● Data for review
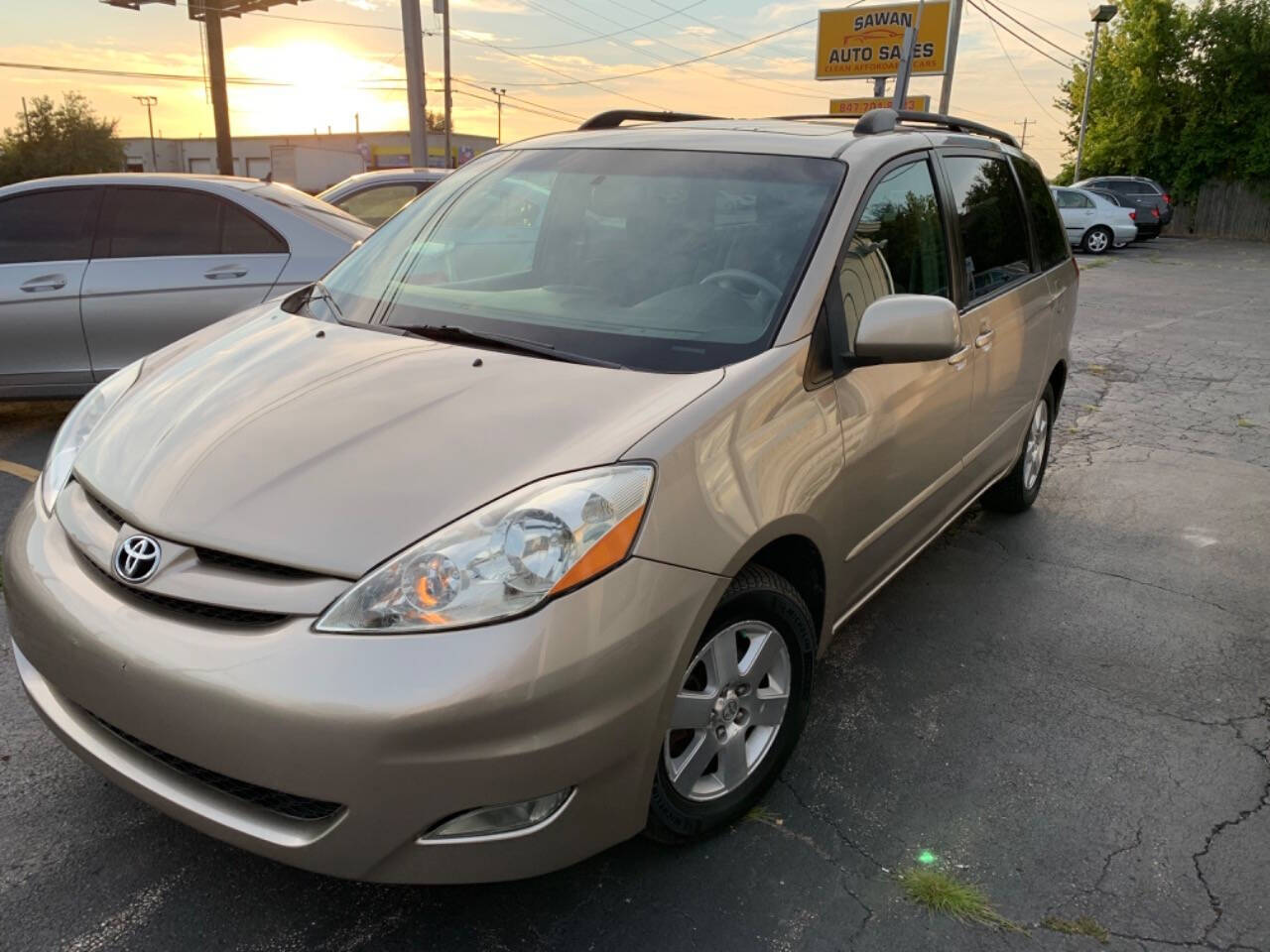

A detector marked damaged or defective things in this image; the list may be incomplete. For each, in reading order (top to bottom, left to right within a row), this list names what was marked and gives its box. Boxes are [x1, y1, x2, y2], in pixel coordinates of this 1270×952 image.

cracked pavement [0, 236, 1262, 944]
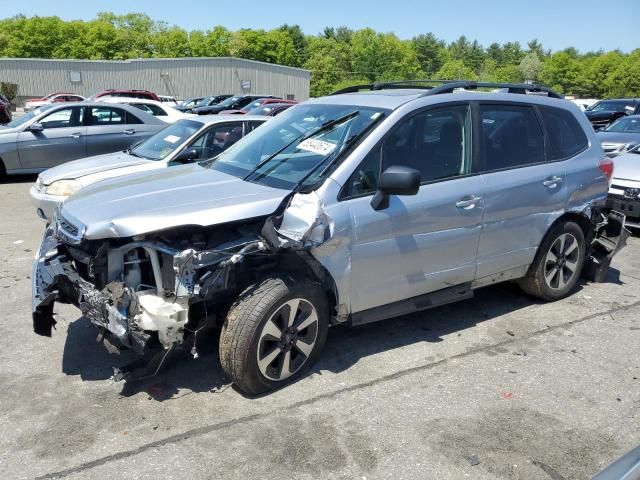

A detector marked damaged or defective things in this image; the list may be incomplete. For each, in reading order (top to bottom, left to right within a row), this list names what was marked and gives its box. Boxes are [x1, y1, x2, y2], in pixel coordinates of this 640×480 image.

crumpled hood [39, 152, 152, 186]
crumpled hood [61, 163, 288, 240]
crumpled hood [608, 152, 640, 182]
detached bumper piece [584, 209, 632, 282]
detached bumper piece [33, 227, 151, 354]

● What is being asked
From the line containing "this 640×480 image." to the last line of the records above, please write out every line exactly and add nothing.

● Response
A detector marked damaged or defective things in this image; the list may be incomplete. For each, in reading order (top to bottom, left to right within a row), this list names what was marked and gives its box. Boxes are [x1, y1, x2, y2], in pixel coordinates of this 640×480 image.

crumpled hood [39, 152, 152, 186]
crumpled hood [61, 163, 288, 240]
crumpled hood [608, 152, 640, 182]
detached bumper piece [584, 209, 632, 282]
detached bumper piece [33, 227, 151, 354]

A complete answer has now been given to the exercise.